The entire matter is frankly a little baffling to me. It’s obvious that Nucleus and GP are now competitors, and Treff and Metzgar both signed 18-month noncompetes with GP, so what did they expect when they joined Nucleus and immediately launched polygenic scoring for embryos?

Apparently, their solution was to simply claim that Nucleus is not a competitor of GP, which I suspect will prove to be a rather ill-conceived plan.

At this point it seems pretty clear that Nucleus is willing to play a bit loose and fast with consensus reality, but who among us haven’t fabricated a few reviews and churned out AI slop for SEO purposes in pursuit of revenue growth? At least their science is solid, right? 

Well, as it turns out…

The entire Nucleus Origin whitepaper is plagiarized

On October 21, 2025, Nucleus announced the release of Nucleus Origin, ostensibly a “a breakthrough in applying AI to genetic analysis.” Specifically, they claim that:

Origin is a family of nine genetic optimization models that predict human longevity from an embryo’s DNA more accurately than any genetic model to date.
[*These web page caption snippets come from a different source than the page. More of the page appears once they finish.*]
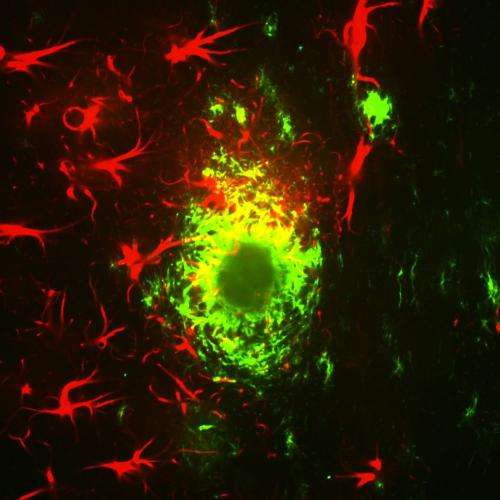 In Alzheimer's mice, memory restored with cancer drug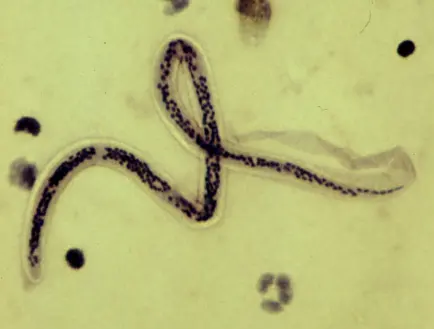 A long, thin, looping worm, its body packed with dark dots, on a pale yellow-green background under a microscope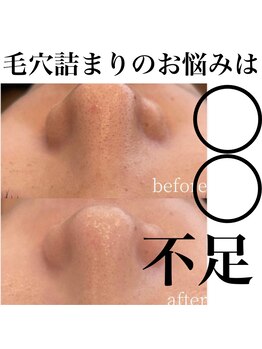 サロンツキ(salon tuki)/ハーブピーリング症例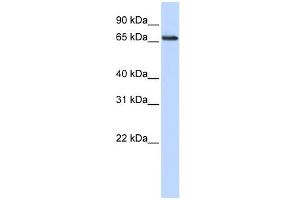 WB Suggested Anti-WDSOF1 Antibody Titration: 0. (DCAF13 anticorps  (N-Term))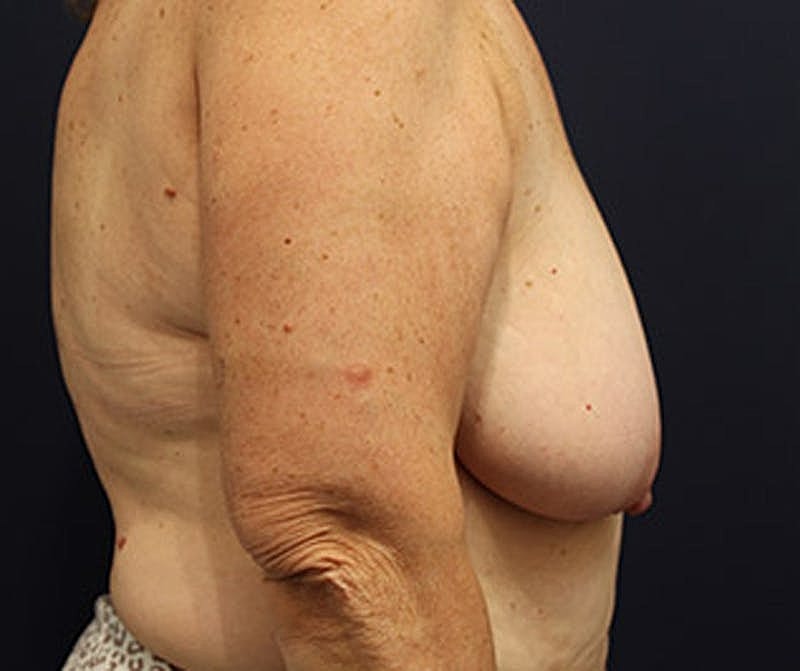 Breast Lift Before & After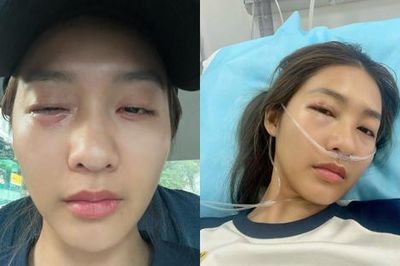 Khả Ngân nhập viện, mặt sưng vù gây lo lắng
Trained and validated on data from millions of individuals, Origin sets new accuracy benchmarks for predicting age-related conditions such as heart disease and cancers across diverse ancestries.

The Origin website links to a medRxiv whitepaper. Let’s take a look.

There is no AI breakthrough

First, it’s immediately obvious that there is absolutely nothing novel about the “AI” used in their paper.

We have known how to construct polygenic risk scores from GWAS data for well over a decade (the first PRS was constructed back in 2007). In fairness, the methods have become somewhat more sophisticated since then. How are they actually computing their PRSs?

Well, it turns out they’re literally just collecting datasets and running SBayesRC, a hierarchical Bayesian model for PRS construction published in 2024. I don’t think taking a method from the academic literature and running it more or less as-is on your dataset constitutes a “breakthrough in applying AI to genetic analysis.” But maybe I just don’t know what qualifies as a “breakthrough” in genetics, so perhaps we can give them the benefit of the doubt for a minute and look closer at the details of their work.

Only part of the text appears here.